How Many Lives Have Been Saved By COVID-19 Vaccines So Far?

In not even two years, COVID-19 has killed over 4.5 million people worldwide, including more than 640,000 Americans (per World Health Organization). Without a doubt, vaccines are the most effective tool we have to combat this pandemic. Research is conflicting, but available data suggest that the Pfizer and Moderna vaccines are at least 42% and as much as 96% effective against the delta variant (per Healthline).

The vaccines are even more effective against severe illness, hospitalization, and death. Research published in The Lancet found that among the slim minority of fully vaccinated people who contracted COVID-19, the risk of hospitalization was slashed by 70%. According to the Centers for Disease Control and Prevention (CDC), fully vaccinated people are 25 times less likely to die of COVID-19.

With all of this in mind, it is no surprise that the COVID-19 vaccines have saved many lives in the United States and around the world.

COVID-19 vaccines may have saved up to 279,000 lives

Research by the Yale School of Public Health (YSPH) found that vaccines have prevented up to 279,000 COVID-19 deaths and 1.25 million hospitalizations in the United States. Slashing the vaccination rate by half would have led to 450,000 additional hospitalizations and 120,000 additional deaths. Even the more conservative estimate offered by Health Affairs suggests that COVID-19 vaccines saved 140,000 lives.

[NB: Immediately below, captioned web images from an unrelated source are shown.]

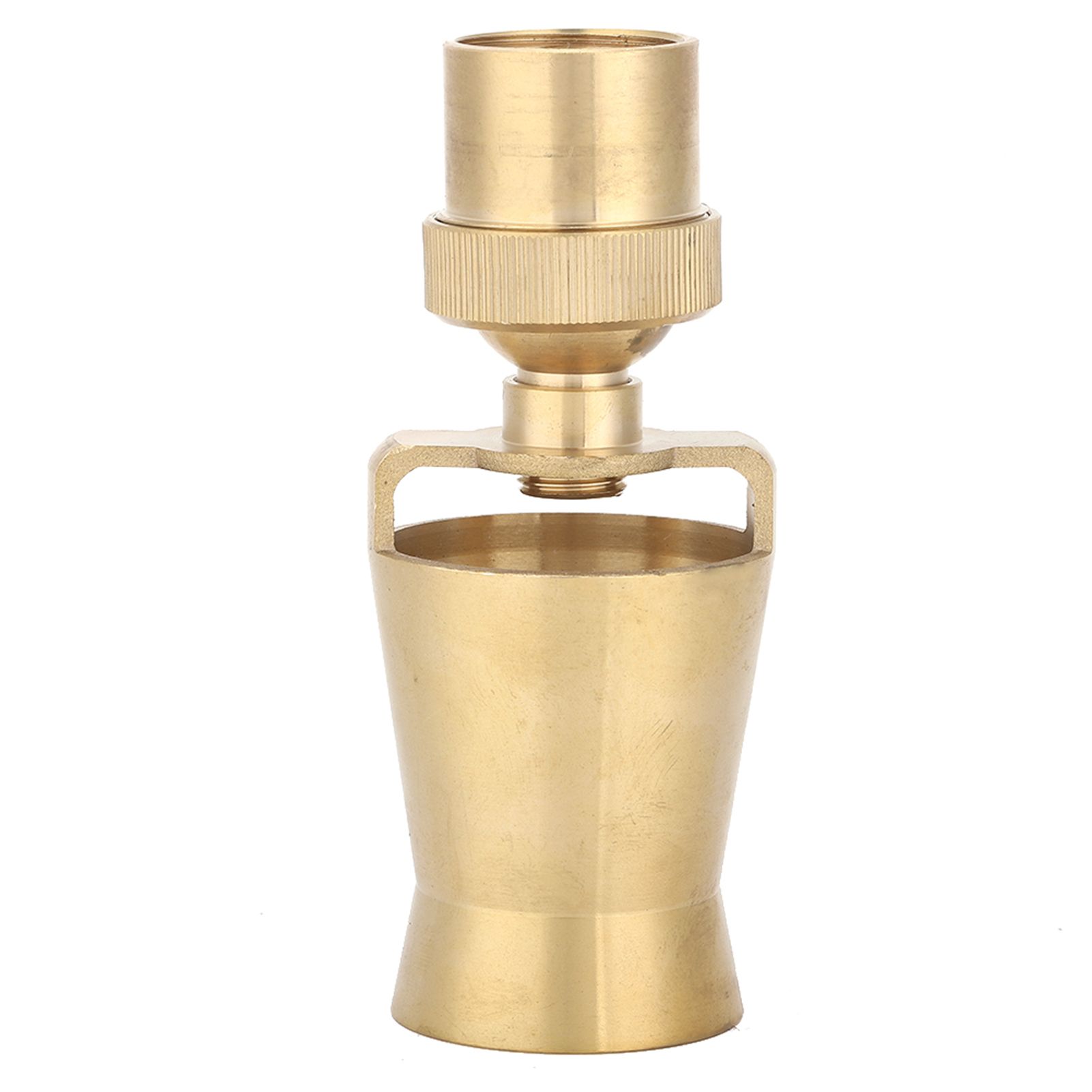 G1in DN25 Cedar Shaped Adjustable Water Fountain Nozzle Spray Pond Sprinkler view 2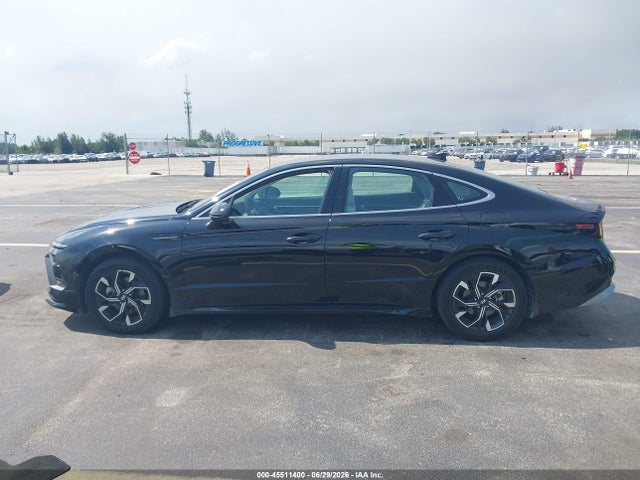 Продаж на аукціоні авто 2024 Hyundai Sonata Sel, vin: KMHL64JA9RA415024, номер лоту: 45511400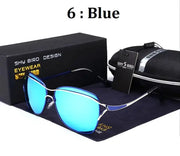 Polarized Women's Sunglasses by Mead's Supply & Equipment Outfitters limited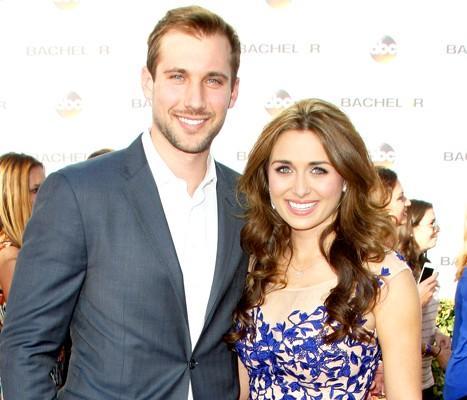 Bachelorette alum Marcus Grodd has married Lacy Faddoul
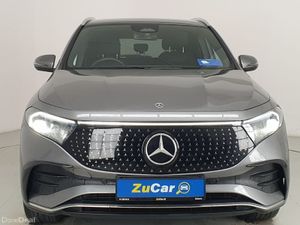 Mercedes-Benz EQA AMG Line Executive 190 Auto Elec - Image 4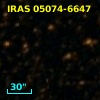 IRAS 05074-6647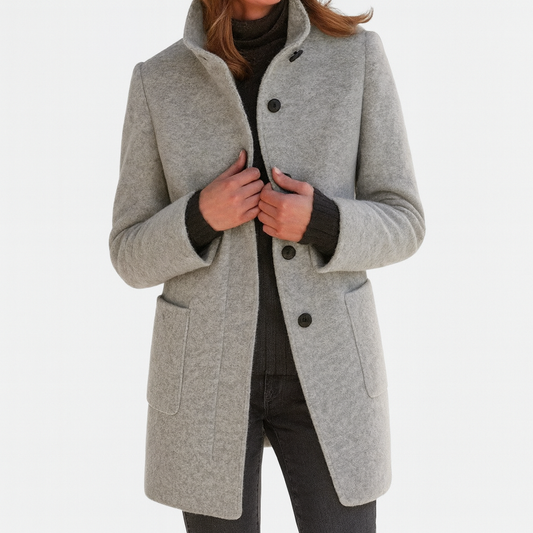 WW | Klassische Jacke mit moderner Eleganz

"The vaccines have been strikingly successful in reducing the spread of the virus and saving hundreds of thousands of lives in the United States alone," Alison Galvani of YSPH told Yale News. However, she was quick to emphasize that "until a greater majority of Americans are vaccinated, many more people could still die from this virus. The danger is not over. Now is not the time to let down our guard."

According to the CDC, more than 53% of American adults are fully vaccinated, including more than 82% of people above the age of 65. However, vaccination rates vary widely by state, and communities with lower vaccination rates are bearing the brunt of the delta wave.